Like Merlin in The Once and Future King, I found myself living backwards in time,[7] remembering what the system once knew, even as its present structure forgot. Querying the past through metadata felt less like analysis and more like reconstruction: following traces not because they were meant to be followed, but because they hadn’t yet disappeared.

This fragility, the slow disappearance of signals, is why this work felt more like archaeology than analysis. I wasn’t pulling data from a dashboard; I was excavating buried layers, hoping that enough of the traces remained to reconstruct a timeline.

The Wizard and I

The last time I tried to count UploadWizard uploads was in 2020. Back then, I used the log comment method and came up with about 20 million files, which already felt staggering.

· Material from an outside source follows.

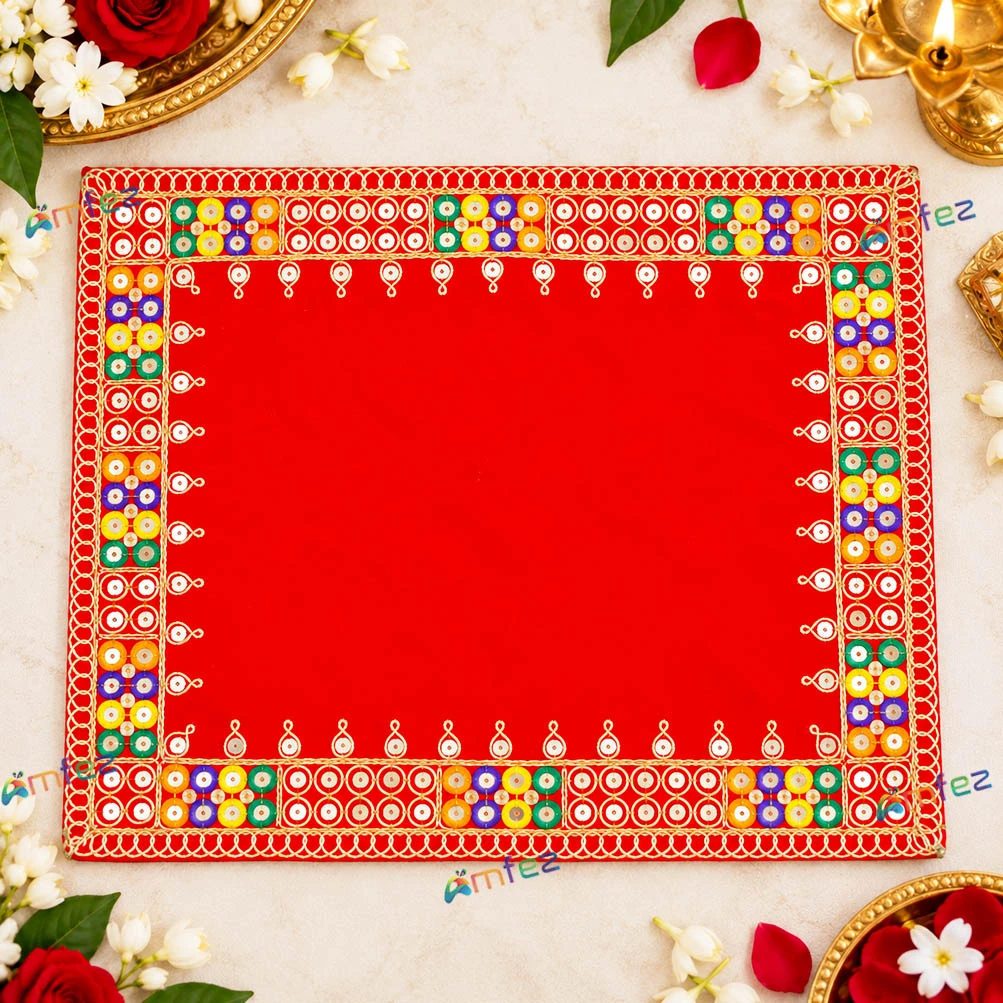 Red Glitter Printed Work Shagun Envelope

What I didn’t realize at the time was that this method missed the first two years of uploads entirely, and that the logging pattern was just about to change.

This time, I discovered twice that amount: a full third of all files on Commons. When I first moved to San Francisco and began working on UploadWizard, I couldn’t have imagined that the tool would still be in use 15 years later, largely unchanged, and that the numbers would be so vast. It’s humbling, a little surreal, and deeply gratifying.

What stayed with me most throughout this archaeological expedition wasn’t just the technical puzzle; it was the reassembly, the emotional arc of uncovering it. The joy of finding Neil’s first test upload. The frustration of queries that almost worked. The satisfaction of unlocking the Grimmerie and watching the story piece itself back together, one log comment and patch note at a time.

I didn’t initially set out to revisit the most important project of my early career; I just wanted to answer a simple question. But as I sifted through missing metadata and fading fragments, I found myself face-to-face with something much more personal: the enduring presence of a tool I helped bring into the world.

This exploration wasn’t merely about product analytics and KPIs. It was an act of stitching Commons’ memory back together (and in the process, restitching my own) through the quiet, persistent work of following traces others had left behind. It was about memory, continuity, and the fragile threads that hold institutional knowledge together. I set out to measure a tool’s impact; through some magic, I ended up unearthing my own legacy.